Aunque lo mejor que tenía aquel
reducto de felicidad era la terraza. Una terraza que daba a una zona interior y
que no podías utilizar ni en invierno ni en verano por obvias razones. Ahí, en
la terraza, estaba colocado el aparato de gas que proporcionaba agua caliente y
calefacción en invierno.
Recuerdo que el alquiler eran
16.000 pesetas al mes, o lo que es lo mismo 96€. Lo que daría hoy más de uno
por encontrar algo parecido.
Pero pronto aprendí que aquel
sitio tan romántico y tan estupendo, en realidad tenía algunas deficiencias.
Por ejemplo.
El calor en verano era
considerable. A pesar de tener abiertos los ventanucos y la terraza, y a pesar
de estar en la última planta del edificio, no es que hubiera mucha corriente
que digamos. Así es que sólo quedaba la opción de un ventilador.
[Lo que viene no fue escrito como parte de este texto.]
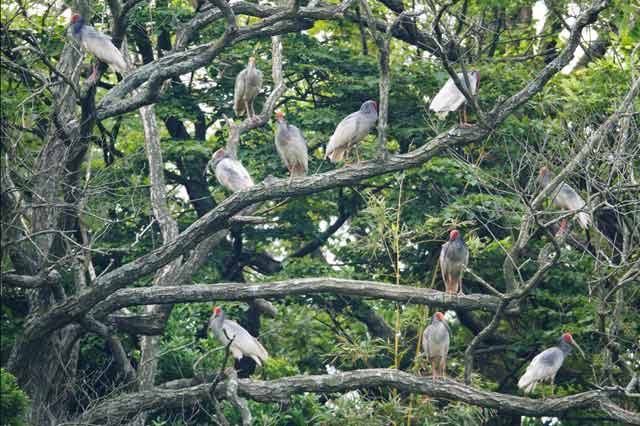 新潟県佐渡市で国の特別天然記念物のトキが放鳥されてから３年。今年の繁殖期は７つのペアができ、自然界での３５年ぶり２世誕生に期待が集まった。しかし卵は孵化（ふか）にいたらず、環境省は６月１６日に「繁殖終了」を宣言した。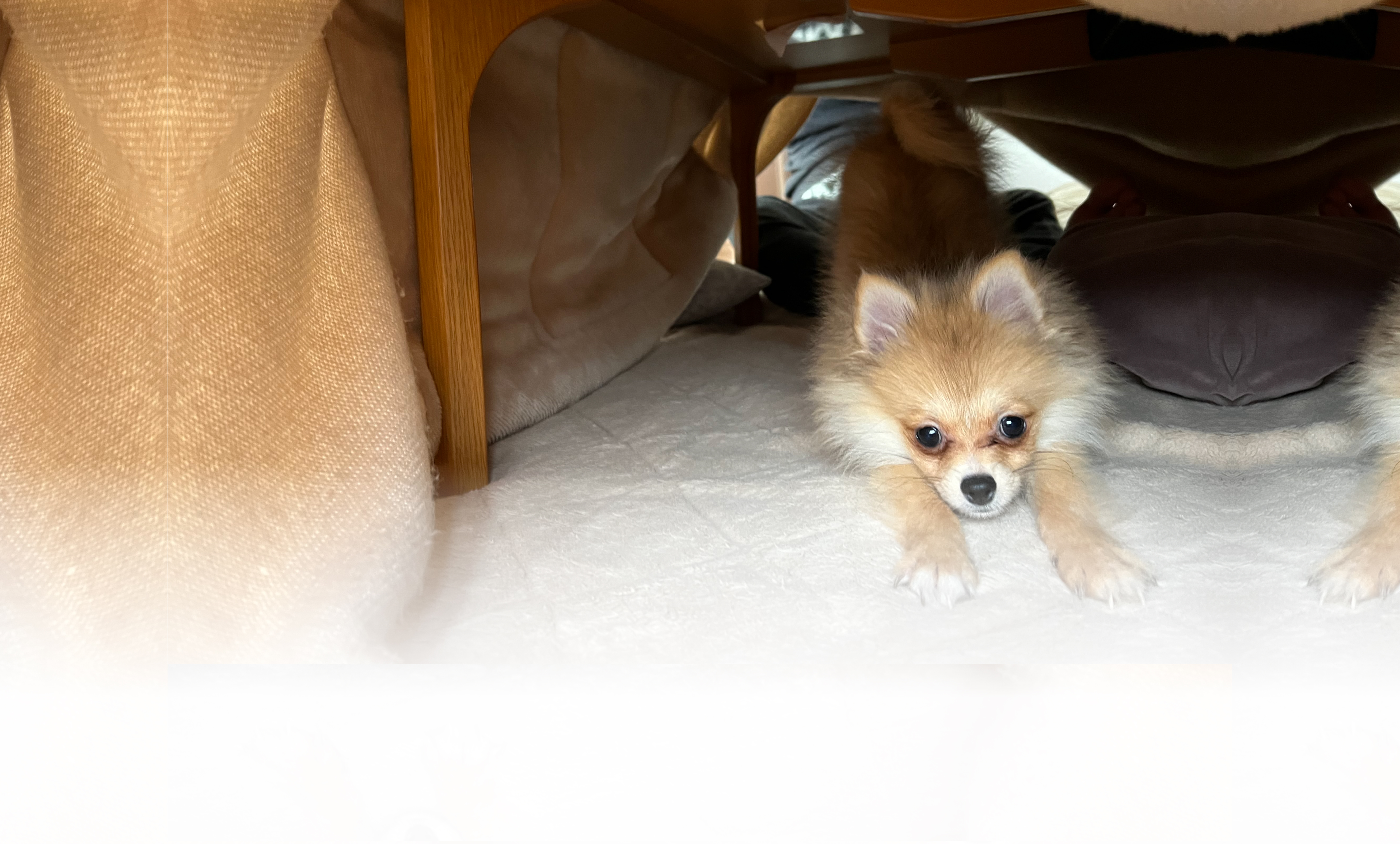 冬の愛犬との旅行 画像 3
En invierno, sin embargo, el
problema era mayor. No se trataba de que hiciera mucho frío, nada de eso. La
calefacción que proporcionaba el calentador de la terraza era más que suficiente.
El problema era que los días que hacía mucho viento, el calentador se pagaba,
se apagaba la llama y entonces, te despertaba el frío. Entonces, tenía que
armarte de valor, coger una caja de cerillas, salir a la terraza con un viento
frío de narices e intentar una y otra vez volver a encender el calentador. Y
rezar para que el viento no volviera a apagar la llama.
Pero volvamos al verano.
A la hora de dormir por la noche
el calor era insoportable. Aquello parecía un horno y no había forma de que
corriese el aire. Entonces, se me ocurrió una idea genial. No iba a cambiar la
temperatura del aire, pero haría que yo pudiera dormir.
Tomé una de las sillas de la mesa
del comedor, coloqué sobre ella el ventilador, lo puse todo al borde de la cama
nido donde dormía y, para terminar, humedecí una toalla y la puse sobre mi
espalda. Aquello fue el invento del siglo. Probablemente, no era muy aconsejable
desde un punto de vista de la salud, pero era mucho peor pasarse toda la noche
sudando y sin dormir.
Transcurrida toda una vida desde
entonces y con todo tipo de vicisitudes vividas – tengo varios libros que así
lo atestiguan – ahora sí dispongo de aire acondicionado.
Yo disfruto poniendo el aire a
una temperatura en la que pueda tener algo de escarcha en los piececitos y viendo
cómo juegan los pingüinos en el salón. Así es que espero que se comprenda mi
frustración cuando mi mujer dice que está encantada de la vida cuando fuera, en
la calle, caen 46 grados a plomo y dentro de casa estamos a 28. Yo voy en busca
del botón del aire acondicionado con la misma ansia que un perdido en el
desierto va en busca del oasis y de pronto escucho la pregunta clave:” ¿pero es
que tienes calor?”
Y a ver quién se atreve a encenderlo.